Responding to Austin, Chinese Lieutenant General Jing Jianfeng accused the US of seeking to build “an Asia Pacific version of NATO”, and described the superpower as the “greatest challenge to regional peace and stability”.

Jing said the US strategy was intended “to create division, provoke confrontation and undermine stability”.

“It only serves the selfish geopolitical interests of the US and runs counter to the trend of history and the shared aspirations of regional countries for peace, development and win-win cooperation,” said Jing, who serves as the deputy chief of the Joint Staff Department of China’s Central Military Commission.

Reporting from Singapore, Al Jazeera’s Patrick Fok said  Austin left “very little doubt” that the US was trying to project its power in the region.

“That seems to provoke a response from the Chinese side,” he said, pointing out that the “acrimony has spilled out in the open”.

He added: “The message that we are getting here [is that] the US is deeply committed to the Indo-Pacific and that the US is not going anywhere.”

‘Inviting wolves’

Austin has been attempting to refocus attention on China’s actions in the Asia Pacific, as he sought to alleviate concerns that conflicts in Ukraine and Gaza have distracted from his country’s security commitments in the region.

“Despite these historic clashes in Europe and the Middle East, the Indo-Pacific has remained our priority theatre of operations,” Austin stressed.

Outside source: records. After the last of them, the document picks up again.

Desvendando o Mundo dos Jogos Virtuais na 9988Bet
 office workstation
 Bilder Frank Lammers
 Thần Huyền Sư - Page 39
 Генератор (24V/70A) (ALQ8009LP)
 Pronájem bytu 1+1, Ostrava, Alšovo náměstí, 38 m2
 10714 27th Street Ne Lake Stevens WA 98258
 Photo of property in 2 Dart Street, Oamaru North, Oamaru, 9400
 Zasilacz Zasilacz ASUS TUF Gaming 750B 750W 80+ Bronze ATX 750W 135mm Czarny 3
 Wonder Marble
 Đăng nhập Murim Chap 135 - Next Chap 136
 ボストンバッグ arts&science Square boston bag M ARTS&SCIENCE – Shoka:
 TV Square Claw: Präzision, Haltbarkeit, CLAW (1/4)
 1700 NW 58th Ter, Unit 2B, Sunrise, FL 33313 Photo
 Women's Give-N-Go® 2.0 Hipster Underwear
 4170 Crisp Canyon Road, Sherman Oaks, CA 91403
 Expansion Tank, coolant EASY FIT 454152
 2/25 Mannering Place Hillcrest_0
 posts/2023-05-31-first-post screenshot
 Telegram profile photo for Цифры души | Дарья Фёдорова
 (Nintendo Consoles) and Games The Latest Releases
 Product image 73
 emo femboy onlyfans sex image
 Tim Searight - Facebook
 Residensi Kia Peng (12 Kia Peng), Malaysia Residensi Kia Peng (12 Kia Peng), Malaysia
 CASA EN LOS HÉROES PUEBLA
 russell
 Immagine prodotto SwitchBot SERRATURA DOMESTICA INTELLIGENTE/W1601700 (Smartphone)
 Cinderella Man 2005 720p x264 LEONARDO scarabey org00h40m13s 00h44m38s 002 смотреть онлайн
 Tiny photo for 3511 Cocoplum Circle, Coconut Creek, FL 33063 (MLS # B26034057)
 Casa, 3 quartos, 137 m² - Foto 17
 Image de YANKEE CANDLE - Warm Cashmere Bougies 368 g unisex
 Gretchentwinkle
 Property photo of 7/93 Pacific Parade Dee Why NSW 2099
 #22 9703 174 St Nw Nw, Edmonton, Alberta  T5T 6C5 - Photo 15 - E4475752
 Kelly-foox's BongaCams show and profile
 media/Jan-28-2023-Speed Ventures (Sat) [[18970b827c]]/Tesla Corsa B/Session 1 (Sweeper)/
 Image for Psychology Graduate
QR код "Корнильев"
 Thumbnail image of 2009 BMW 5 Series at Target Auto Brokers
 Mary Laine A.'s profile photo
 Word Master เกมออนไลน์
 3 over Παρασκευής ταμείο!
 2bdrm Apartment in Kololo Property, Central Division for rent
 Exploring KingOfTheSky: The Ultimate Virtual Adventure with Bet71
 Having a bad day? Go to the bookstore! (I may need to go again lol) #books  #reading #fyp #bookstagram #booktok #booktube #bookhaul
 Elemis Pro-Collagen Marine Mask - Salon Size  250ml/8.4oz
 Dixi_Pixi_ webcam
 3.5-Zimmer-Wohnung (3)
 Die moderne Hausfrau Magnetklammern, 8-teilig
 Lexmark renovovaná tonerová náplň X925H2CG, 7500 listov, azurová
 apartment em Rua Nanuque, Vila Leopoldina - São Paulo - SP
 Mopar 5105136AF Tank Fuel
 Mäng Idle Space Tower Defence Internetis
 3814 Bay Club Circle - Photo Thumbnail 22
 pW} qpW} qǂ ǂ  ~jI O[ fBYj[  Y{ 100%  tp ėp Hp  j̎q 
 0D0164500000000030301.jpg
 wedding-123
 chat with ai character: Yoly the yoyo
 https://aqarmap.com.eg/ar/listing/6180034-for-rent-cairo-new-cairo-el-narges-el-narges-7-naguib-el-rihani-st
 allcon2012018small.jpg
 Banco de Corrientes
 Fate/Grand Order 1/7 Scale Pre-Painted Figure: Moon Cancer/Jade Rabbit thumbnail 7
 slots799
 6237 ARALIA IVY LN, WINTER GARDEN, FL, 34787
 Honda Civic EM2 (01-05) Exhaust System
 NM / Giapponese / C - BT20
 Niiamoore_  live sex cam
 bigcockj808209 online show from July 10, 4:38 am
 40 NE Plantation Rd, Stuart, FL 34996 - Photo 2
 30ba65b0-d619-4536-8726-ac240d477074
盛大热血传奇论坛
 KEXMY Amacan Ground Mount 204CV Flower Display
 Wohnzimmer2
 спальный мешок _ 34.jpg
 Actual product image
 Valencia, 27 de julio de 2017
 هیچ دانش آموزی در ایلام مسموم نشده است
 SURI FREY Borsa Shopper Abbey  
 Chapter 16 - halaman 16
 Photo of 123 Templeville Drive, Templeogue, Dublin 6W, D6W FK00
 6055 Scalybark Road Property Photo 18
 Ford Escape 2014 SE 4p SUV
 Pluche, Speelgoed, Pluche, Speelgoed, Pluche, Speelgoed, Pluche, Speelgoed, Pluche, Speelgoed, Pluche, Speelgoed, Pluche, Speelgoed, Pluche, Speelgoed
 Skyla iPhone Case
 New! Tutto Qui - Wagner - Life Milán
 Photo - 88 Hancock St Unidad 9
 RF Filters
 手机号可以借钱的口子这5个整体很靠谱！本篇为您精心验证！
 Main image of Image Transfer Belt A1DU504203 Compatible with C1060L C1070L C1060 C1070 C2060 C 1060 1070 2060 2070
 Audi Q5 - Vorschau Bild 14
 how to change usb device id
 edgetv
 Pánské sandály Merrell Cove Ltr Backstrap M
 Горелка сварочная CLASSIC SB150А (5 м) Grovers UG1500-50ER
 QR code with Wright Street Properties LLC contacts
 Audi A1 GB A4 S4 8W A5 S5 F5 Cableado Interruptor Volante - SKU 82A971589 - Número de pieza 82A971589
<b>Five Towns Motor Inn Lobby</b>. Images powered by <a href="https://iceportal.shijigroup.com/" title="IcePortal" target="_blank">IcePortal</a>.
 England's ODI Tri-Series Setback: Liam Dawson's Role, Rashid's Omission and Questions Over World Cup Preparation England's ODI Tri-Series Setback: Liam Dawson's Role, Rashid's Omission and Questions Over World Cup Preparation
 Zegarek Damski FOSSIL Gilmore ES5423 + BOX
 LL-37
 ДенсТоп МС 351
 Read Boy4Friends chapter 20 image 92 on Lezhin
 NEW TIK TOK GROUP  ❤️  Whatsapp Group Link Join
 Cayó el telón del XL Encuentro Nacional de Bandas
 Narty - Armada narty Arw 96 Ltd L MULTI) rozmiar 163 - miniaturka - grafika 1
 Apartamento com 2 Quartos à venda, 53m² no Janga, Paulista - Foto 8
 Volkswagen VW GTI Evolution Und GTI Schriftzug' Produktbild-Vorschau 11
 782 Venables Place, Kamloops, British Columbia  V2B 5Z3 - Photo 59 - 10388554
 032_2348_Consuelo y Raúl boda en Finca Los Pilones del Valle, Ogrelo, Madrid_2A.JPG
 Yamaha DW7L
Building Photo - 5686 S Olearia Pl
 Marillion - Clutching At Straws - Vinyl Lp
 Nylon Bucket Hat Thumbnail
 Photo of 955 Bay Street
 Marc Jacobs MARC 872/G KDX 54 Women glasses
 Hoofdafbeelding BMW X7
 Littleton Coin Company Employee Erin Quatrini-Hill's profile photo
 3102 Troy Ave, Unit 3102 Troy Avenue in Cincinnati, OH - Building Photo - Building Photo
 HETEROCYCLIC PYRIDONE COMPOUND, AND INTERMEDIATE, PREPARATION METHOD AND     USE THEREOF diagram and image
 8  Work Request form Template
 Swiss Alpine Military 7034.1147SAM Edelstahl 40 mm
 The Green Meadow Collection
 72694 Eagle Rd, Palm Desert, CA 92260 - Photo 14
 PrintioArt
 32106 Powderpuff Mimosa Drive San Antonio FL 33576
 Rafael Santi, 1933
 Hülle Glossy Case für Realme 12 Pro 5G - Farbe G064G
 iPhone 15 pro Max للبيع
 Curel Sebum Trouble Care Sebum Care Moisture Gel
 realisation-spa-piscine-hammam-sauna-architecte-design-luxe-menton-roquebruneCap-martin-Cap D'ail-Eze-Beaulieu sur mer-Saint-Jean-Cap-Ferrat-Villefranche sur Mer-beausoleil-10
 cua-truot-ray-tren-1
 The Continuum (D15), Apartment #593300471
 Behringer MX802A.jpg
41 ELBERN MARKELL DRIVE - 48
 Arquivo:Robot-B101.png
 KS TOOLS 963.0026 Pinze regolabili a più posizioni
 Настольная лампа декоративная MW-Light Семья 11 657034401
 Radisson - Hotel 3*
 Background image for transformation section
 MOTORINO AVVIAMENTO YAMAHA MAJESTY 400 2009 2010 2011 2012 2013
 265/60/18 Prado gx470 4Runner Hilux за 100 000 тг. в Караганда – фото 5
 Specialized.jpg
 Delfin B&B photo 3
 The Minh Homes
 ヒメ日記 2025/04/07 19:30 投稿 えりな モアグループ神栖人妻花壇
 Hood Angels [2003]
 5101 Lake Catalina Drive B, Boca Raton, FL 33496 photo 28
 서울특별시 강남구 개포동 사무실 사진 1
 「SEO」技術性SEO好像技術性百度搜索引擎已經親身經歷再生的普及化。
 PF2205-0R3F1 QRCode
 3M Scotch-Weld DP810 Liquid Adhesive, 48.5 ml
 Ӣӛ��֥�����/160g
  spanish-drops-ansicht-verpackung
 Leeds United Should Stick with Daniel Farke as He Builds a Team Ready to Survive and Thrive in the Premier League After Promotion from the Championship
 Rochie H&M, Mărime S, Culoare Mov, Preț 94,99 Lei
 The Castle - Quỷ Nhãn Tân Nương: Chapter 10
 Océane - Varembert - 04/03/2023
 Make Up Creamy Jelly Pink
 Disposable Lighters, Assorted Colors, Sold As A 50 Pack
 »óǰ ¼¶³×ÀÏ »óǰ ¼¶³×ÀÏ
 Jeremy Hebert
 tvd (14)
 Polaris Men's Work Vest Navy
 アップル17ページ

“Let me be clear: The United States can be secure only if Asia is secure,” Austin said. “That’s why the United States has long maintained our presence in this region.”

Austin also highlighted the importance of alliances in the region, highlighting the need for “peaceful resolution of disputes through dialogue and not coercion or conflict”.

During their meeting on Friday, Austin was warned by Dong that the US should not interfere in China’s affairs with Taiwan, defence ministry spokesperson Wu Qian told reporters. China claims the democratically governed island as its own territory.

Some US officials have been warning that Beijing has become more emboldened in recent years, recently launching what it described as “punishment” drills around Taiwan.

China is also furious over the US’s deepening regional defence ties, particularly with the Philippines, and its regular deployment of warships and fighter jets in the South China Sea.

On Saturday, Austin insisted that the US’s commitment to defend the Philippines under their mutual defence treaty remained “ironclad”, as repeated confrontations between Chinese and Philippine vessels in the South China Sea have stoked fears of a wider conflict.

“America will continue to play a vital role in the Indo-Pacific, together with our friends across the region that we share and care so much about,” Austin said, describing Chinese activities in disputed waters with the Philippines as “dangerous harassment”.

Jing, the Chinese general, said these alliances only contributed to instability in the region.

“It is natural for neighbours to bicker sometimes, but we need to resolve disagreements through dialogue and consultation rather than inviting wolves into our house and playing with fire,” he said.